Leaders of the Lanier Islands Parway Community Improvement District have reached a significant goal in getting the district formed — getting the agreement of property owners making up 75 percent of the district’s total property value.
But there’s another milestone to reach: getting the nod from 50 percent, plus one, of the commercial and industrial property owners in the proposed district.
“You have to have a simple majority of the owners and a super majority of the value,” said Mack Burgess, interim director of the proposed district.
“We need 12 to 16 percent more (to reach the majority). Along Lanier Islands Parkway from Lake Lanier Islands (resort) to I-985, we’ve gotten a lot of support.”
The group is currently seeking support from industrial parks in the area.
“We’ve got a bunch of meetings coming up this month and we feel confident we’ll be able to get the support we need in order to get it through,” Burgess said.
Allowed under the state constitution, a community improvement district is a self-taxing entity created voluntarily by property owners to pay for infrastructure, such as roads and sewer, and services.
Burgess still is shooting for completion of the effort by the end of February, to be eligible for the 2013 tax year.
“If it gets to the point where it’s time for us to turn everything in (to the Hall County tax commissioner) and we don’t have exactly the map that we want, we can manipulate the lines that cut out folks who haven’t been supportive and include folks who have,” Burgess said.
At this point, “we will be able to get a CID through,” he added. “It may not be as big as we initially anticipated, but we have enough support now that we can say, for sure, we’ll have something.”
The CID planners are aiming for a tax rate of 5 mills on only commercial and industrial property owners in the district.
In Hall County, 1 mill is equal to $1 for each $1,000 in assessed property values, with property assessed at 40 percent.
“The goal is to get a CID that generates enough revenue to be eligible for the big grants,” Burgess said.
The millage decision won’t be made until after the CID is created and the board is elected. The board election will take place after the tax commissioner’s office verifies the submitted list of properties and property owners.
The board will be made up of five property owners within the CID and representatives from Hall County and the city of Buford.
In addition to setting the tax rate, that group also “will determine which grants we apply for, and then how we allocate our funds once we have them,” Burgess said.
“We do have some (people) with us who have ... sat on boards of other CIDs and have seen how the most successful ones have allocated their funds and resources, so we’re fortunate in that way,” he added.
Among the Lanier CID’s plans are “major enhancements” to the Exit 8 bridge over I-985, landscaping and adding “significant decorative lighting and street signage along the parkway,” according to its website.

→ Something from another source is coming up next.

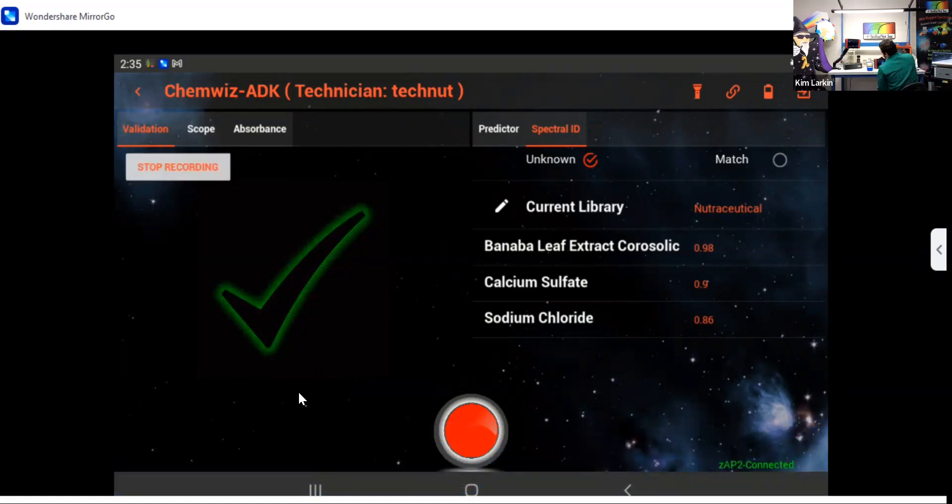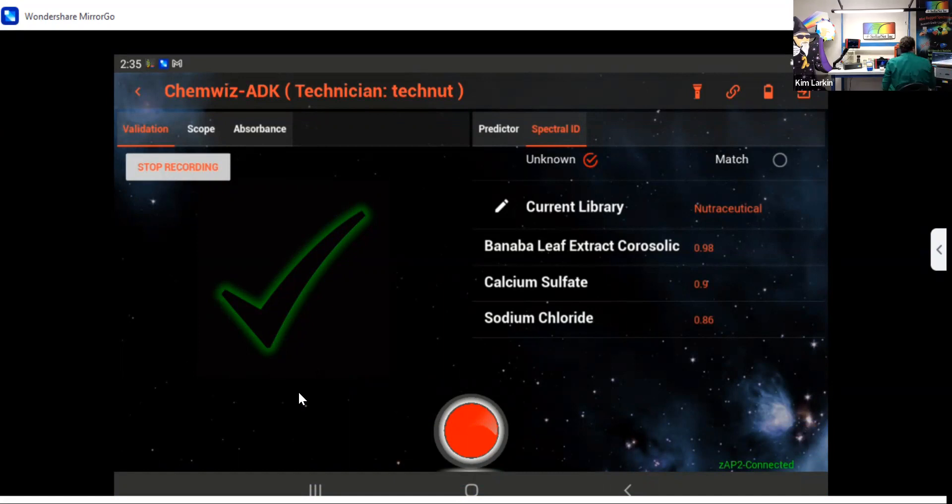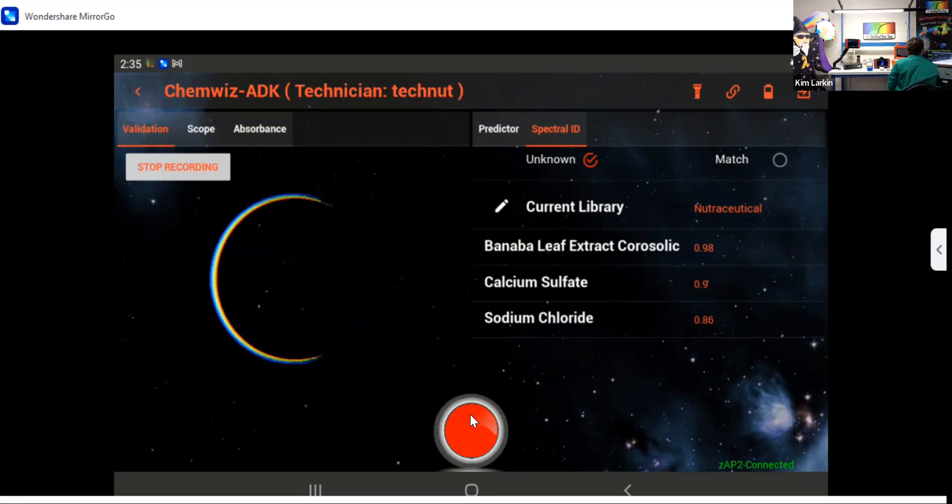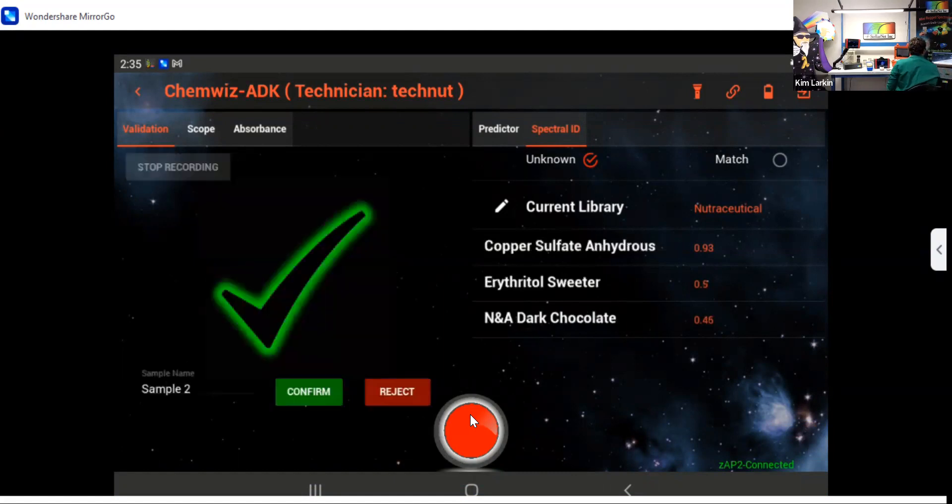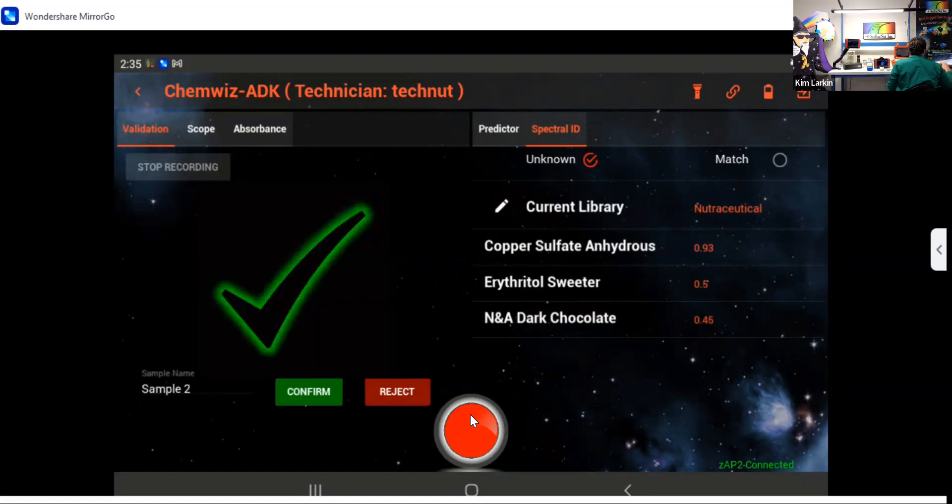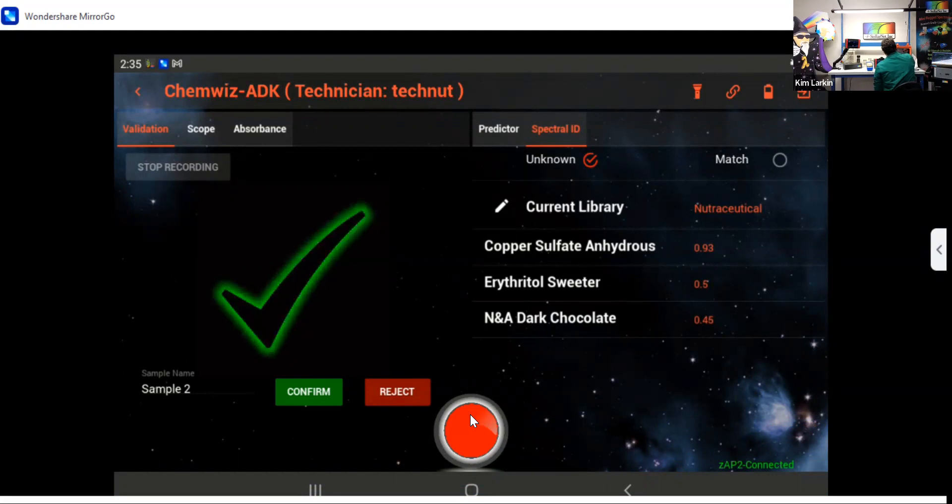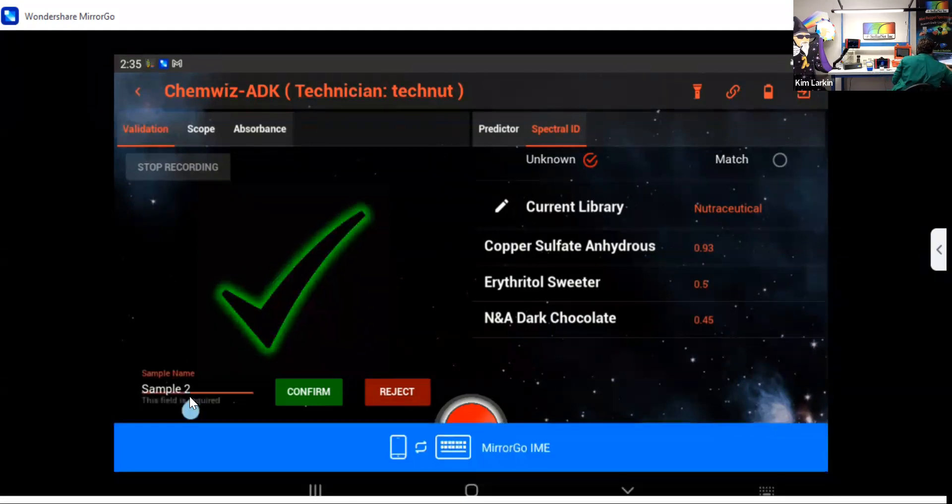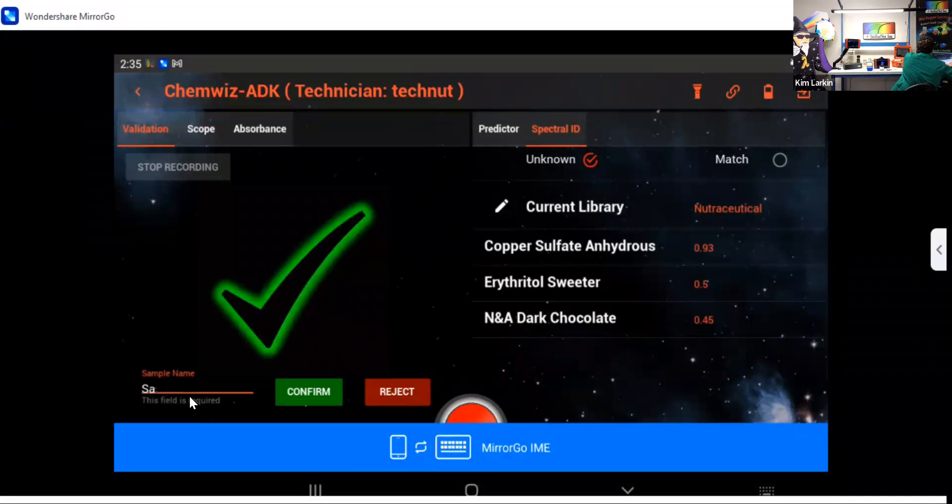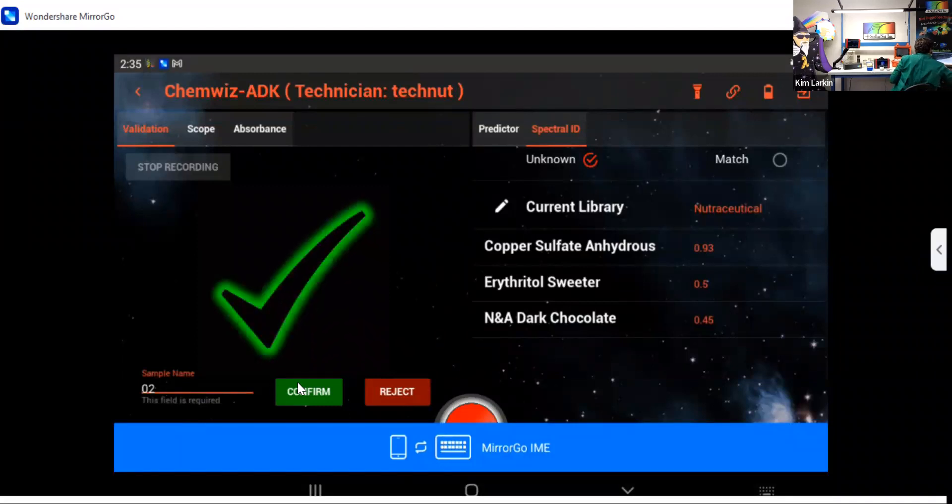The next one I'm going to measure is copper sulfate. Okay. I've placed it on the fixture and I'm going to press measure. Okay, there is my copper sulfate and it's a match. So I'm going to give it 02 and confirm.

The work is intended to complement a $14 million Georgia Department of Transportation project calling for transforming Ga. 347/Lanier Islands Parkway into a four-lane divided highway, including sidewalks, between McEver Road/Peachtree Industrial Boulevard and I-985.

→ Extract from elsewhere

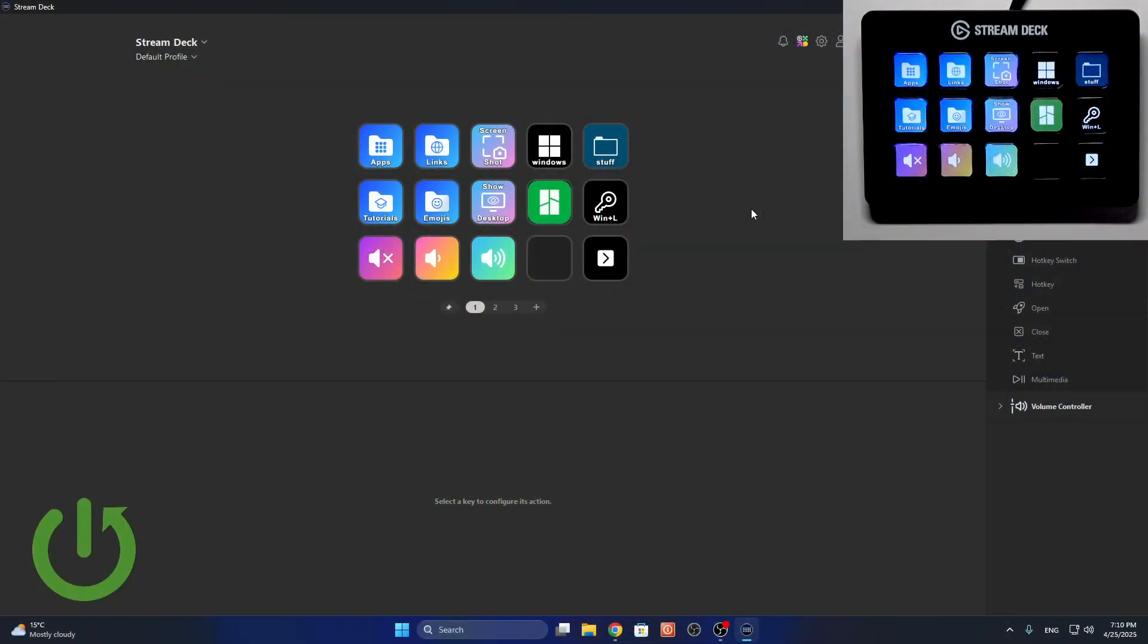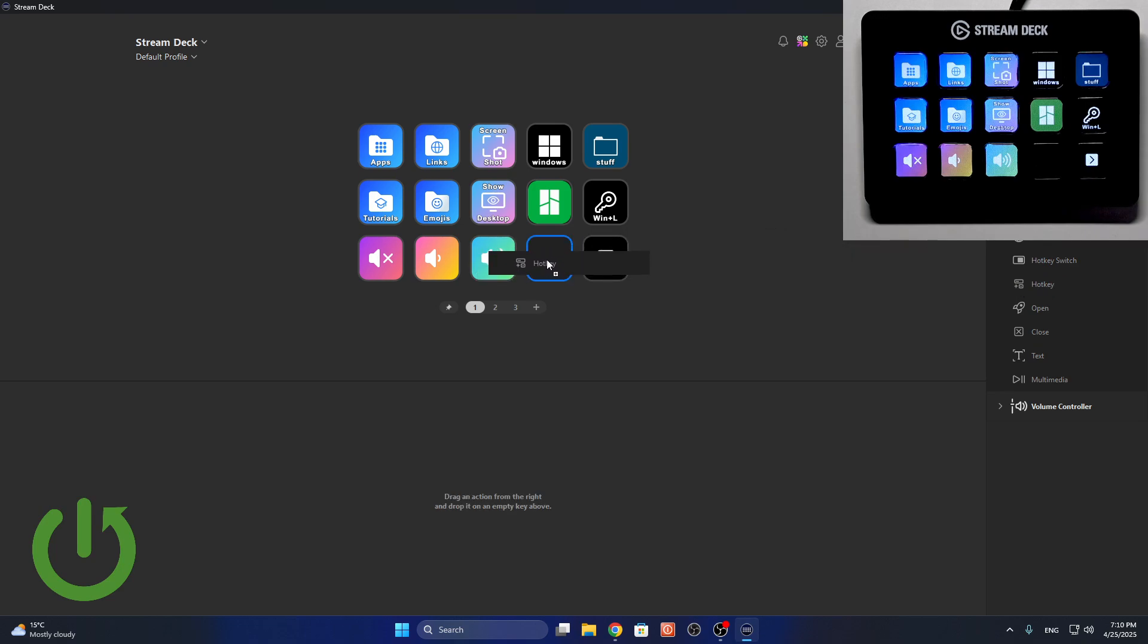To add a hotkey shortcut, you should simply go to the System tab on the left side, then find Hotkey or Hotkey Switch. I'm going to select the hotkey, then drag it somewhere.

“I think it sets a great tone of what we’re trying to do as far as our corridors,” said Stan Brown, Oakwood city manager and former chairman of the Lake Lanier Convention & Visitors Bureau’s board of directors, of the effort.
“I think it sets a good example, something we would want to emulate,” he added. “Looking at it from a tourism standpoint, it makes a statement right there on I-985 that you’ve entered into a different area.”